У-ф-ф-ф! Вроде всё. Откидываюсь на стуле, с наслаждением потягиваюсь.
Шифрограмма в наркомат обороны № …
Западный фронт. От 27 июня 1941 года
Докладываю, что сегодня, примерно в 11 часов утра был разбомблен ж/д узел г. Паневежис. Ожидаемое время восстановления работоспособности железной дороги в районе г. Паневежис — не меньше недели. Было уничтожено пять эшелонов с грузом. Вследствие этого прогнозируем паузу в военных действиях в центре Северо-западного фронта. Просим учитывать этот факт при планировании действий Севзапфронта.
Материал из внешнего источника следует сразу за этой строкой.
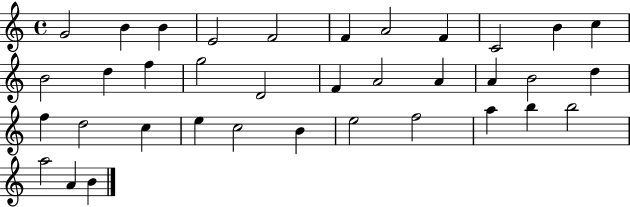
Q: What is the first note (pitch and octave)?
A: G4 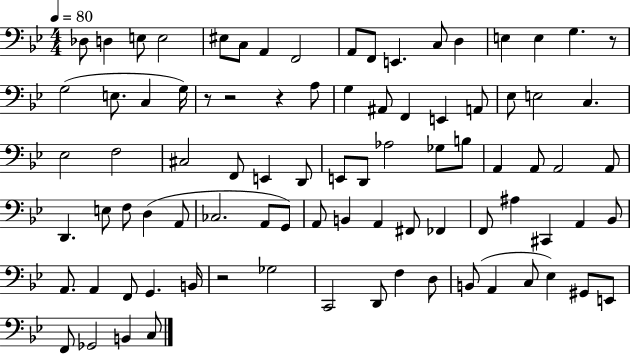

Командующий Западным фронтом, генерал армии Павлов.
27 июня, пятница, время 19:05.
г. Минск, квартира генерала Павлова.
— Папочка, а когда ты Гитлера убьёшь?
От неожиданности на мгновенье останавливаю ложку у рта. Мы все сидим, ужинаем. Борька пока дома, усиленно готовиться к экзаменам в артучилище. Всё по заветам отца.
— Дочь, ну ты чего? — отмираю наконец. — За ужином такие вещи серьёзные спрашиваешь.
Борька хихикает, жена улыбается.
После ужина неторопливо пьём чай. Адочка перебралась ко мне на колени.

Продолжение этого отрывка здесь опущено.